Image​Yet, although discrepancies between countries have narrowed, emerging evidence suggests that inequality within countries is rising. Atkinson, Piketty and Saez (2011), for instance, show a marked concentration of wealth on the top tail of the income distribution, particularly in the United States, other English speaking countries, India, and China, while Lakner and Milanovic (2013) report a long-term and continuously increase in the within-country component of global inequality. And if the benefits of economic growth are unevenly distributed within countries, upcoming technological changes and urbanization are likely to intensify these divisions further.

As a result, the emerging face of income inequality for the 21st century is one of coexisting discrepancies at the local level.

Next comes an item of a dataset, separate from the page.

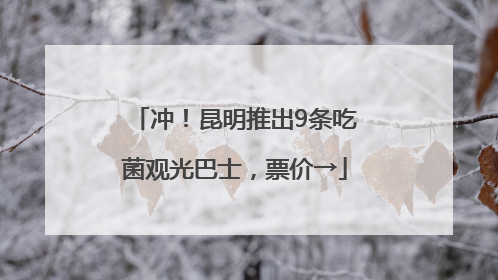 冲！昆明推出9条吃菌观光巴士，票价→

For India, Jean Dreze and Amartya Sen’s (2011) essay describes the drastically uneven development progress achieved across its states, while Gangopadhyay et. al. (2010) document India´s pockets of poverty at the narrower district level.

Inequality at the local level is not limited to income. It extends to other aspects of human wellbeing and exists in all countries. Homeless people living by the side of modern highways are common sights in metropolises from Tokyo to Mumbai to Sao Paolo. Life expectancy in the poorest neighborhoods of Baltimore is below 69 years, the same as in in Iraq. Similar examples of coexisting unequal development outcomes are evident in Nogales, Arizona and Nogales, Sonora, spotlighted in Acemoglu and Robinson (2013) as an example of drastically unequal economic development.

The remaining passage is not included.